Beginner’s Guide to Meditation – 18 Tips To Get Started
How I Got Started With Meditation
The first time I tried meditation was probably over 20 years ago when I snuck into my Mum’s spiritual meeting that was hosted at our house every Monday evening. They always finished with a meditation and I was somehow allowed into the meeting just before in order to ask some questions. I stayed for the meditation and it was probably one of the single most powerful moments of my life.
Being a teenager, when your spiritual power is at its height, meditating that first time came so easily. I was there. I was right up there in the stars. I felt at total peace as I felt like I left my body. It truly was an out-of-body experience, which, to look back at, felt incredible. At the time, however, it was a complete shock. I had never felt like that before and it was almost scary. It was so powerful a feeling.

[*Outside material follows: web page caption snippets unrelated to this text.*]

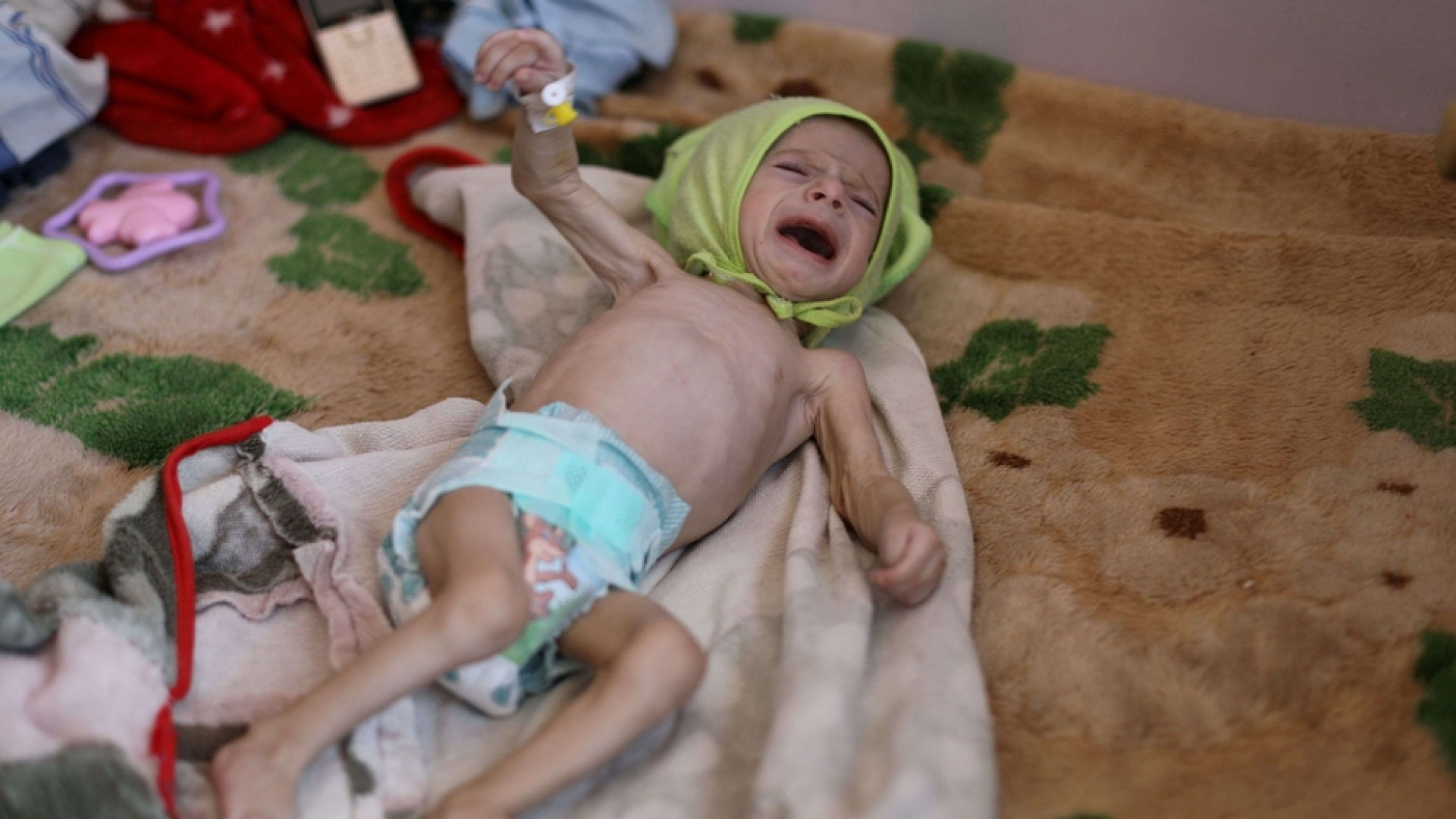 Yemen, rischio malnutrizione cronica per metà dei bambini sotto i 5 anni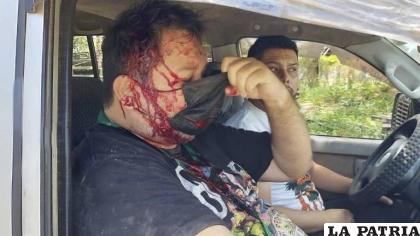 Periodista del diario El Deber, Juan Carlos Fortún agredido 
/Cortesía
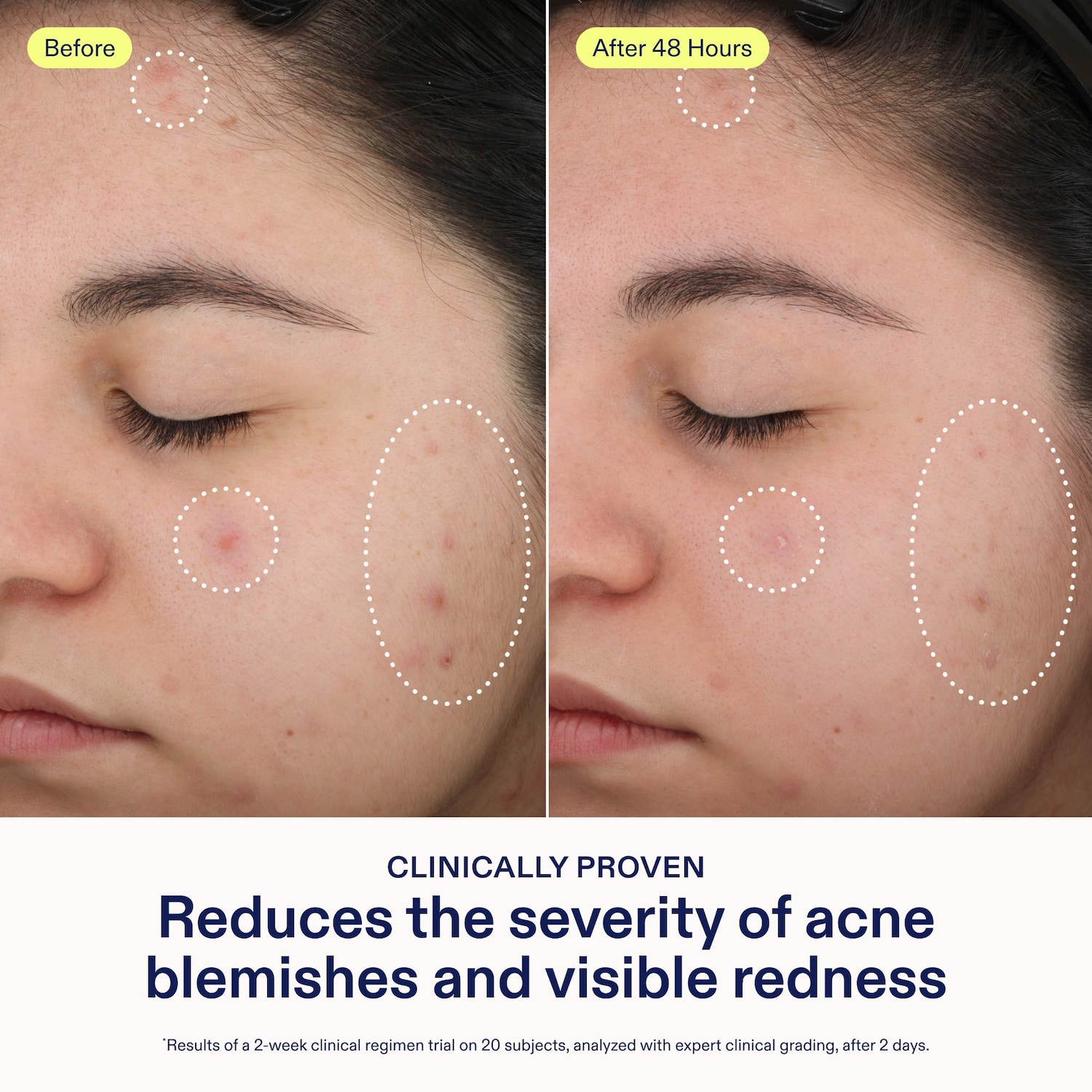 Acne+ 2% BHA and Azelaic Acid Acne Spot Treatment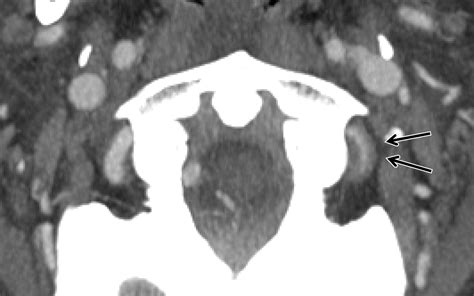 Imaging And Management Of Blunt Cerebrovascular Injury Radiographics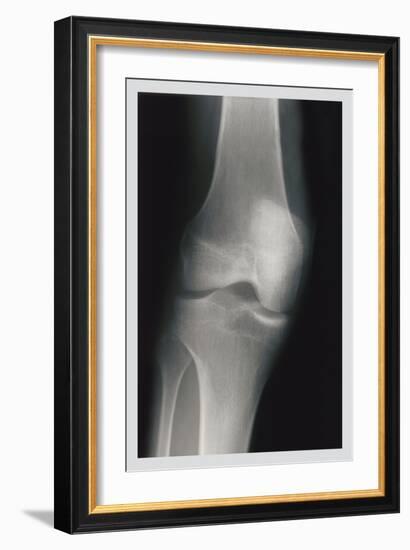 Knee-null-Framed Art Print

Move forward many years and I have been in and out of the practice of meditation. It’s part of my spiritual belief system (something I haven’t necessarily talked about much before on my blog) so it is something that I do take for granted.
I grew up with spirituality being an integral part of our household. It was my upbringing, and I guess for a long time I took for granted that it was just part of who I am.
But I am truly myself when I am in touch with the spiritual self when I am feeling connected and grounded with my own spirit and the energy around me.
Yet, being an adult and all the baggage-y stuff that comes with life experience and a mind full of ‘all the things’, it can be harder to switch on the spiritual connectivity. It can be harder to connect with your own energy.
I found that one great way of connecting with my spirituality, and the energy of myself and that around me, is to try meditating.
Meditation is a powerful way to connect. Meditation is a great way to calm, focus and breathe. Meditation is good for the mind, body and soul. In fact, meditation has so many benefits that it would probably take up an entire blog post! (Note to self: write that blog post next).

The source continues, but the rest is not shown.